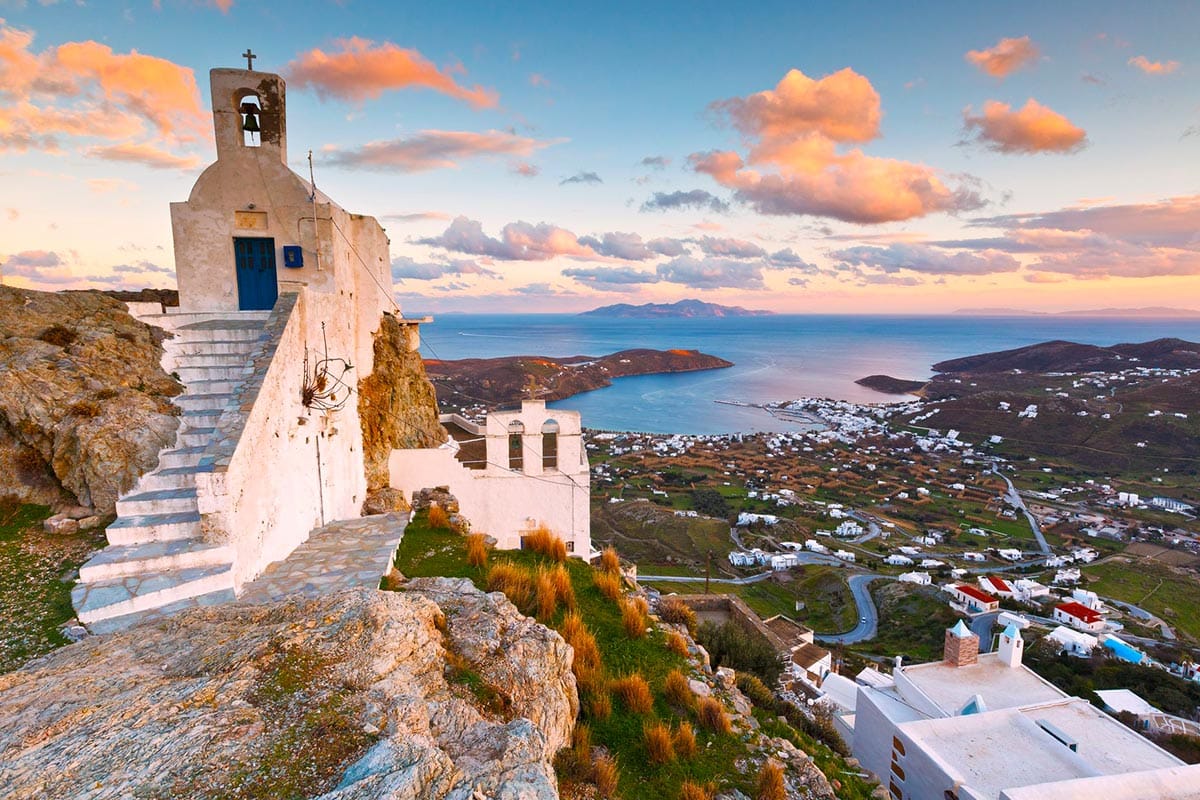 Traditional Greek chapel on a hill overlooking a coastal village in Crete at sunset.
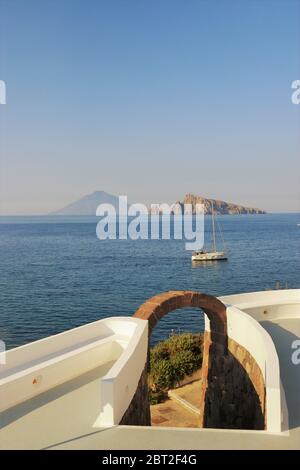 Navigando lungo le Isole Eolie in Sicilia, Italia, con vista sul vulcano Stromboli sullo sfondo. Foto Stock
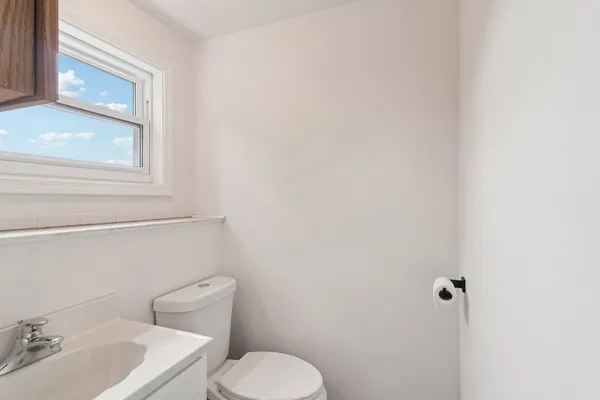 a white toilet sitting next to a bathroom sink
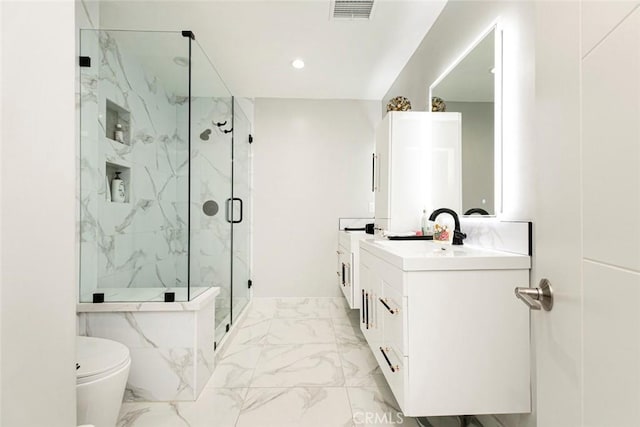 bathroom featuring vanity, toilet, and an enclosed shower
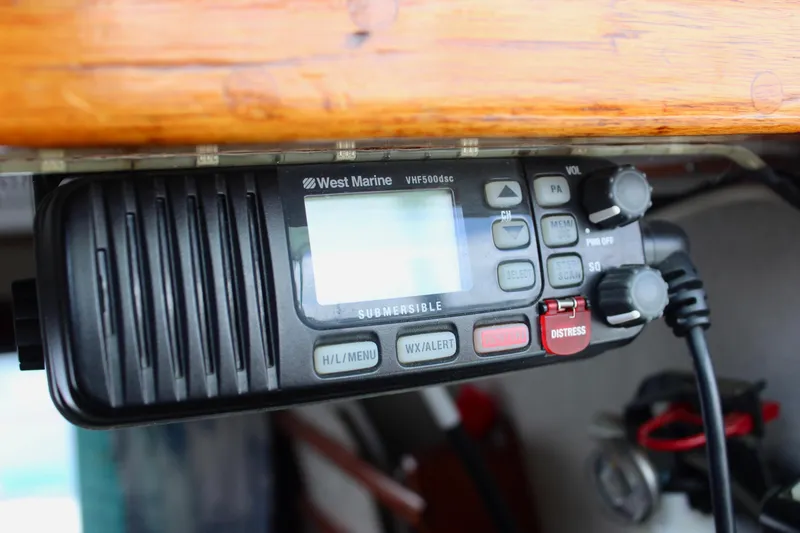 Slide: The Image of West Marine VHF500dsc radio on 1975 Downeast 38 boat, featuring distress button. - 48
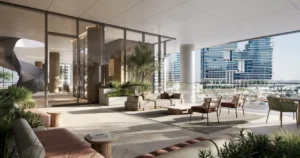 Members club terrace at ENARA by OMNIYAT in Marasi Bay, Business Bay, featuring an open-air lounge with marina views, contemporary seating, and a refined waterfront business atmosphere. Presented by Tohid Fetrat.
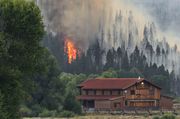 Burning Next To A Barn. Photo by Dave Bell.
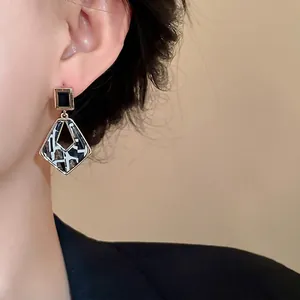 Elegant geometric hollow dangle earrings featuring square top and patterned rhomboid drop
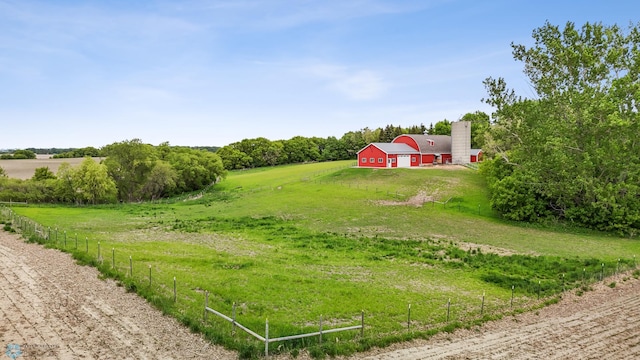 20482 28th Ave N, Cromwell Twp, MN 56549 - view of yard with driveway, a view of countryside, and an outdoor structure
======
» **WHAT YOU WILL DO**: Copy out exactly the material that runs from the line with "Slide: The Image" to the line with "Burning Next To A Barn. Photo by Dave Bell.", ends included, and leave the pictures behind.

» **SOLUTION TO THIS EXERCISE**:
 Slide: The Image of West Marine VHF500dsc radio on 1975 Downeast 38 boat, featuring distress button. - 48
 Members club terrace at ENARA by OMNIYAT in Marasi Bay, Business Bay, featuring an open-air lounge with marina views, contemporary seating, and a refined waterfront business atmosphere. Presented by Tohid Fetrat.
 Burning Next To A Barn. Photo by Dave Bell.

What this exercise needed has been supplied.